If you can find it, try to get Bill Planer’s “Lost Voyages of Star Trek.” It includes synopses of Star Trek scripts that were never filmed.
In the mid-70s, Paramount was going to start a “fourth television network” and its flagship show was to be “Star Trek: Phase II.” The adventures of the Enterprise’s second five-year journey.
Scripts were commissioned, the actors were going to reprise their roles, except for Leonard Nimoy.
New characters were drawn up: Decker, a headstrong, young first officer; Ilya, a psychic, and onetime lover of Decker’s, and Xon, a vulcan who, unlike Spock, actually enjoyed working on a ship with humans and wanted to be more like them. (These three characters might sound familiar.)

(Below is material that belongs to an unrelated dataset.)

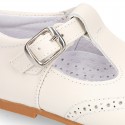 Nappa leather Little Classic T-Strap style shoes with perforated design.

Then something big happened: Star Wars.
Paramount executives who had spent every morning climbing over a new pile of mail from Star Trek fans begging for a Star Trek movie started asking themselves: Do we own any properties that have spaceships in them?
Plans for the fourth network and Phase II were scrapped. (Barry Diller, the Paramount executive spearheading this concept, would take it to Fox. You might have heard of this.)

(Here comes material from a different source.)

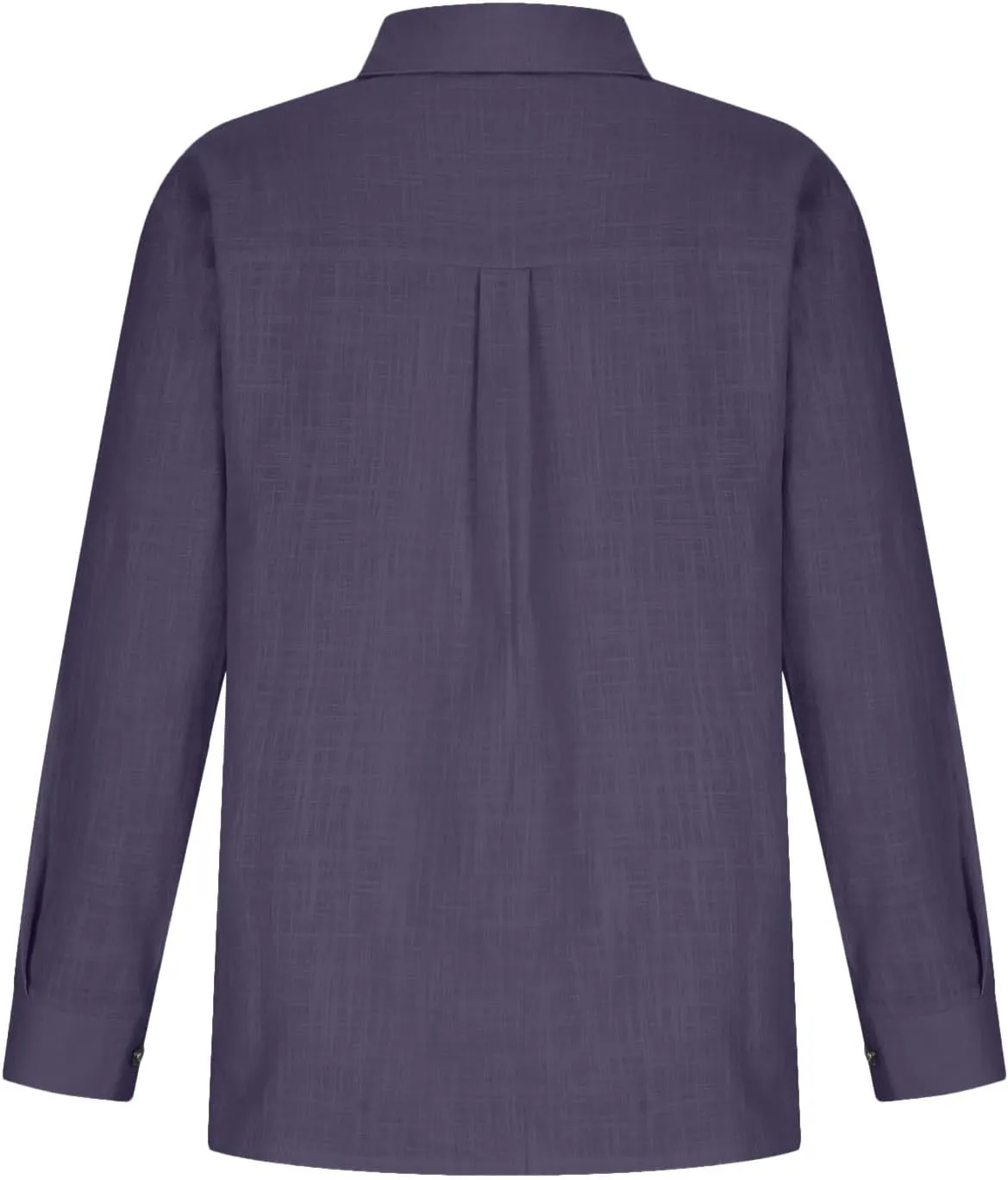 Linen Shirts for Women Summer Long Sleeve Lapel Button Down Shirt Lightweight Gauze Tops Loose Casual Blouses Clothes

Roddenberry was ordered: Make us a movie.
Then came an astonishing series of bad decisions, one understandable, the rest bewildering.

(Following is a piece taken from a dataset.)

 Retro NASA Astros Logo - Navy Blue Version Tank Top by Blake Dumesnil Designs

Bad decision one: Choosing the director. This is the understandable bad decision. We’re talking Robert Wise. “West Side Story,” “The Sound of Music,” Blockbusters both. But most important to Roddenberry: “The Day the Earth Stood Still.” Possibly the most cerebral science fiction drama up to that time, and probably to this day. (Call me what you must, 2001 a Space Odyssey was a pretentious overlong boring indulge-o-fest)
Rodddenberry didn’t want spaceships blowing each other up, he wanted a movie just like “The Day the Earth Stood Still”: men in military uniforms sitting around discussing what to do about the alien threat ... if it is a threat.
The problem is, after Star Wars, no one else wanted that. We wanted fast ships and explosions. Instead we got long long talky meetings, and interminable inspections of the outer hull of the Enterprise
Now the baffling decisions: Roddenberry went to the stack of scripts written for Phase II and found “In Thy Image,” a story about an Earth space probe that becomes self-aware and returns to meet its makers.
Two problems with this script. A) it had been done before as an episode of Star Trek, B) the concept really doesn’t lend itself to a big budget motion picture experience. There are no villains! Now after “Wrath of Khan” I can’t argue that going back to the source material is a bad idea, but Khan was a sequel, building on the original. And if you’re going to spend $20 million (then a lot of money for a movie) to remake an episode of Star Trek, do “The Doomsday Machine” That episode just begs for the big-screen treatment. (Check out the CGI-improved version, you’ll see I’m right).
Baffling decision 2: “Let’s shave Persis Khambatta’s head!”
Baffling decision 3: Upon finding out the revived Star Trek would be a movie, Leonard Nimoy was suddenly interested. At this point, Roddenberry thought, wow, I can keep Decker and Ilia, but I’ll have to kill off Xon.
Kill off Xon?
Roddenberry somehow was thinking that not only were the Star Trek Phase II episodes filmed, they were aired, and the fans would want an explanation on why Xon wasn’t in the movie.
How else to explain his role in the film as the quickly introduced, quickly dispatched Vulcan, making a movie that was a half hour too long even longer?
The film was released, became a hit, but was quickly nicknamed Star Trek: The Motionless Picture.
So, Roddenbery went into exile and Paramount would never release another Star Trek film without phasers being fired and things blowing up.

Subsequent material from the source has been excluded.